The terminal GL1 is connected to the gate of the first low-side transistor M2. By applying a gate signal output from the terminal GL1 to the gate of the first low-side transistor M2, driving for turning on and off the first low-side transistor M2 is performed.

The resistor R4 and the switch SW2 are connected between the terminal SH1 and an application end of ground potential. The resistors R5 and R6 are connected in series between the terminal SH1 and an application end of ground potential. A node to which the resistors R5 and R6 are connected is connected to a first input end of the comparator 51. A second input end of the comparator 51 is connected to an application end of a reference voltage Vref2.

The terminal GH2 is connected to the gate of the second high-side transistor M3. The motor driving device 1 further includes a pre-driver 42, resistors R7, R8 and R9, a switch SW3 and a comparator 52. Driving for turning on and off the second high-side transistor M3 is performed by a gate signal Gh2 output from the pre-driver 42 via the terminal GH2. The gate signal Gh2 has a high level as the output voltage Vcph, and a low level as the voltage at the terminal SH2. The terminal SH2 is connected to the source of the second high-side transistor M3.

The terminal GL2 is connected to the gate of the second low-side transistor M4. By applying a gate signal output from the terminal GL2 to the gate of the second low-side transistor M4, driving for turning on and off the second low-side transistor M4 is performed.

The resistor R7 and the switch SW3 are connected between the terminal SH2 and an application end of ground potential. The resistors R8 and R9 are connected in series between the terminal SH2 and an application end of ground potential. A node to which the resistors R8 and R9 are connected is connected to a first input end of the comparator 52. A second input end of the comparator 52 is connected to an application end of a reference voltage Vref3.

The terminal GH3 is connected to the gate of the third high-side transistor M5. The motor driving device 1 further includes a pre-driver 43, resistors R10, R11 and R12, a switch SW4 and a comparator 53. Driving for turning on and off the third high-side transistor M5 is performed by a gate signal Gh3 output from the pre-driver 43 via the terminal GH3. The gate signal Gh3 has a high level as the output voltage Vcph, and a low level as the voltage at the SH3 terminal. The terminal SH3 is connected to the source of the third high-side transistor M5.

The terminal GL3 is connected to the gate of the third high-low transistor M6. By applying a gate signal output from the terminal GL3 to the gate of the third low-side transistor M6, driving for turning on and off the third low-side transistor M6 is performed.

The resistor R10 and the switch SW4 are connected between the terminal SH3 and an application end of ground potential. The resistors R11 and R12 are connected in series between the terminal SH3 and an application end of ground potential. A node to which the resistors R11 and R12 are connected is connected to a first input end of the comparator 53. A second input end of the comparator 53 is connected to an application end of a reference voltage Vref4.
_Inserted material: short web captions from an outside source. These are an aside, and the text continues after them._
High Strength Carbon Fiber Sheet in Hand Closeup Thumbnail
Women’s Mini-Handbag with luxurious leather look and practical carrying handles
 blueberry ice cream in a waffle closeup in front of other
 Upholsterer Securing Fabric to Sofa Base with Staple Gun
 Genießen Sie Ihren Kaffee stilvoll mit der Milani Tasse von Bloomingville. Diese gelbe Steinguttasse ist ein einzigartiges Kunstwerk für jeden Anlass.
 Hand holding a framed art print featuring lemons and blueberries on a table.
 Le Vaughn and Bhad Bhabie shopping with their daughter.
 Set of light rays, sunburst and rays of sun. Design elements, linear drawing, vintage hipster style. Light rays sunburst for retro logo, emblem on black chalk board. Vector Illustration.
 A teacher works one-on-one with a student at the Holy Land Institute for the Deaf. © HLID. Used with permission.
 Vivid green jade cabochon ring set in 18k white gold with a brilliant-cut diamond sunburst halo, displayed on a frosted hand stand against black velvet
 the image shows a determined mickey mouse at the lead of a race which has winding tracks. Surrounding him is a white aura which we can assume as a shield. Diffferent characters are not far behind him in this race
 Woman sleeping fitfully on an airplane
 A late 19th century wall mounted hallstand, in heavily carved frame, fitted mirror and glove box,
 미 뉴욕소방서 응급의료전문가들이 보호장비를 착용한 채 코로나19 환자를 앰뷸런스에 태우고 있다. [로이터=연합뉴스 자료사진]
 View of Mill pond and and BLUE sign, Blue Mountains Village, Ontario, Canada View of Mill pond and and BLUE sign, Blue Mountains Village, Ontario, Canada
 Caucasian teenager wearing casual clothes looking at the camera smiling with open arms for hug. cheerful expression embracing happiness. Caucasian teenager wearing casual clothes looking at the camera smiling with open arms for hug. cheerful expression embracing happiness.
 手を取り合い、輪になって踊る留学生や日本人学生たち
Moreover, the motor driving device 1 includes, as external terminals, a terminal GR1 (a first relay gate terminal), a terminal GR2 (a second relay gate terminal) and a terminal GR3 (a third relay gate terminal). The terminal GR1 is connected to a gate of the motor relay 71. The terminal GR2 is connected to a gate of the motor relay 72. The terminal GR3 is connected to a gate of the motor relay 73. Driving for turning on and off each of the motor relays 71, 72 and 73 is performed by a gate signal output from each of the terminal GR1, the terminal GR2 and the terminal GR3.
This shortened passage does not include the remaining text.